Die Erfahrung ist zweifelsohne ein wichtiger Pfeil im Köcher eines jeden Handwerkers und auch ein gewichtiges Argument bei der Auftragsgewinnung oder bei einem Bewerbungsgespräch. In jedem Handwerk gibt es aber auch Themenbereiche, in denen man eher ungern Erfahrungen sammelt. So gibt es nun mal schöne Arbeiten und solche, die weniger angenehm sind. Getan werden müssen sie in der Regel dennoch. Und wenn es um Wasserschäden geht, muss in den meisten Fällen sogar besonders schnell agiert werden.
Das zweifelhafte Vergnügen, in diesem Bereich schon einiges an Erfahrung angehäuft zu haben, hat etwa Hansruedi Wieland, Geschäftsführer der gleichnamigen Schreinerei in Steckborn TG – unter anderem auch als Betroffener. So stand seine Werkstatt nach starken Regenfällen und aufgrund von Rückstau in den Abwasserleitungen bereits wiederholt unter Wasser. Aber auch im Arbeitsalltag habe er immer wieder mit der Thematik zu tun. «Jährlich habe ich wohl fünf bis sechs Aufträge im Zusammenhang mit einem Wasserschaden – Tendenz steigend», sagt Wieland, der auf rund 45 Jahre Berufserfahrung zurückblickt.
Einen Grund für den Anstieg der Schadensereignisse sieht der Schreiner im stetig steigenden Wohnkomfort. «Früher hatte man eine einfache Küche und ein einfaches Bad», sagt Wieland. «Heute gibt es bereits in vielen Wohnungen zwei Badezimmer, und in der Küche haben mehrere Geräte einen Wasseranschluss.» Dadurch steige auch das Risiko für ein Leck.
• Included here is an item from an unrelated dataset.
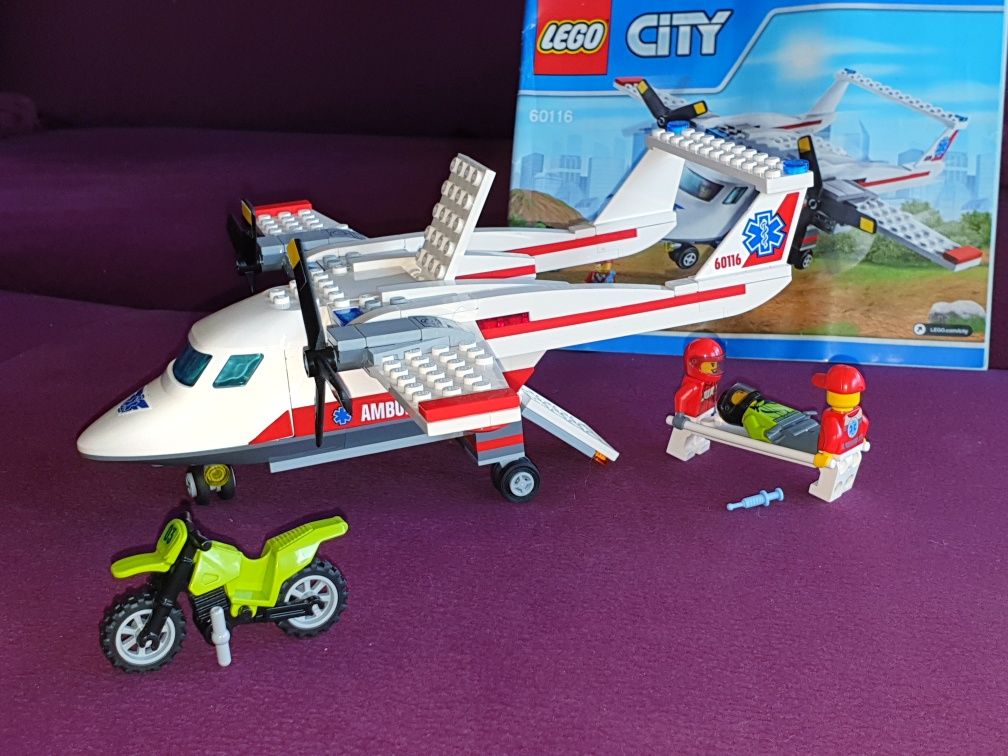 LEGO City, klocki Samolot ratowniczy, 60116 STAN IDEALNY!!!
Diese Ansicht teilt auch Martin Bachmann, Schadensinspektor bei der Mobiliar. «In einer modernen Küche hat es Wasserleitungen für das Foodcenter, den Steamer und die fest eingebaute Kaffeemaschine, die es früher nicht gab», sagt Bachmann. Die neuen Leitungssysteme aus Kunststoff seien dabei keinesfalls schlechter als die alten Systeme, aber jede Rohrverbindung stelle eine potenzielle Schwachstelle dar. Auch die Art und Weise, wie die Sanitärinstallationen verbaut werden, habe sich über die Jahre verändert. «Heute werden so gut wie alle Leitungen verdeckt eingebaut oder nachträglich verkleidet», sagt Bachmann. Damit steige auch die Wahrscheinlichkeit, dass ein Leck nicht sofort entdeckt wird und das austretende Wasser grössere Schäden anrichtet.
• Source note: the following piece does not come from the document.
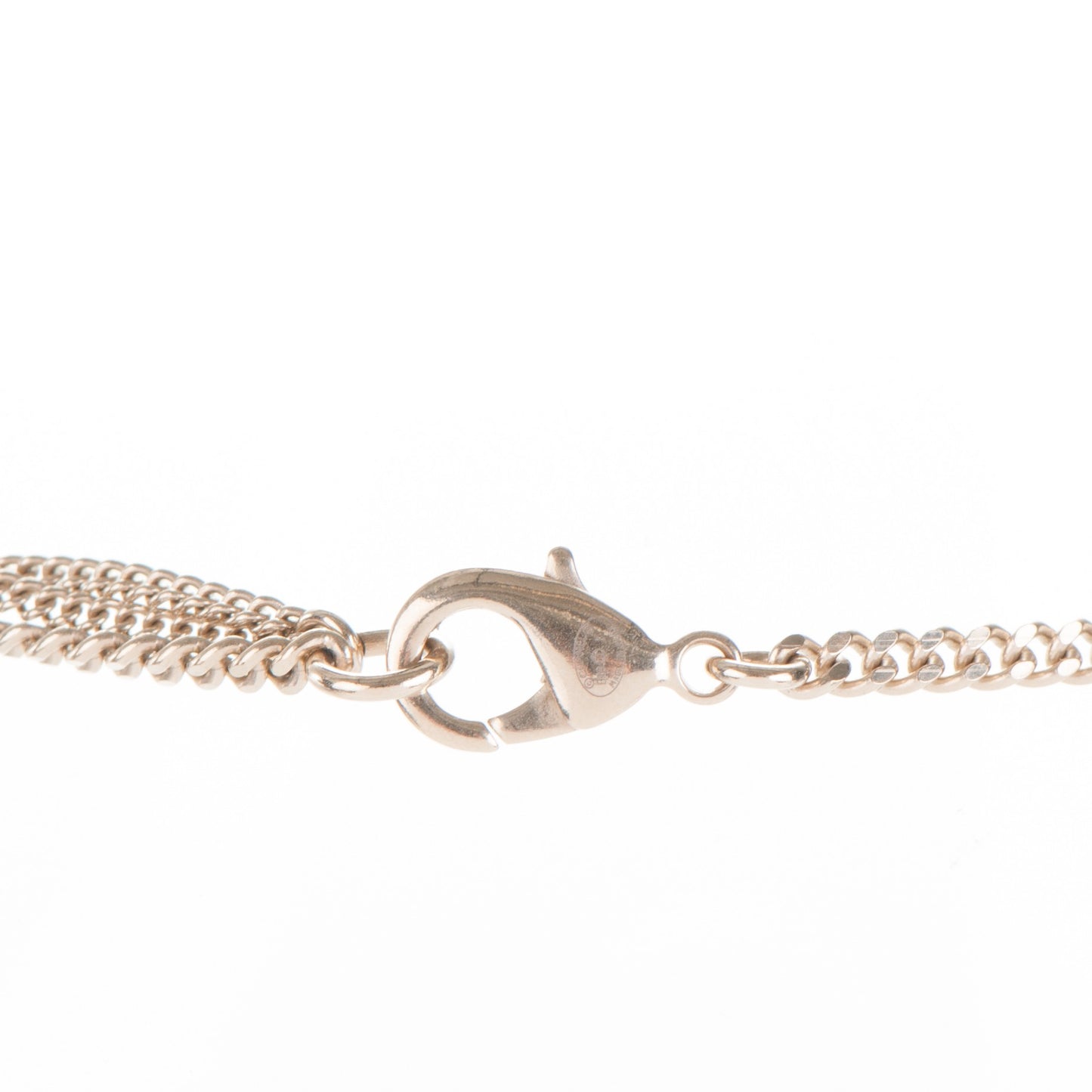 Chain CC Pearl Drop Necklace Gold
Wenn es ums Thema Wasser geht, ist der Schreiner eigentlich nicht die offensichtliche Ansprechperson, denn sein Metier ist bekanntlich ein anderes. Wie Wieland erklärt, sei er dennoch immer wieder der Erste, der angerufen wird, wenn sich eine Kundin oder ein Kunde mit einem Wasserschaden konfrontiert sieht. «Wohl auch deshalb, weil ich als Chef eines Kleinstbetriebes ein enges Verhältnis zu meiner Kundschaft pflege», sagt Wieland. Generell sei dies aber gar nicht so unüblich, wie Bachmann weiss. «Insbesondere bei einem Wasseraustritt in der Küche werde häufig als Erstes der Schreiner beziehungsweise der Küchenbauer kontaktiert.» Dieser habe die Küche ja schliesslich eingebaut, so die Schlussfolgerung vieler Leute. «Obschon die Wasserleitungen natürlich zur Expertise des Sanitärs gehören», sagt Bachmann, der selbst einmal als Projektleiter in einem Küchenbauunternehmen gearbeitet hat.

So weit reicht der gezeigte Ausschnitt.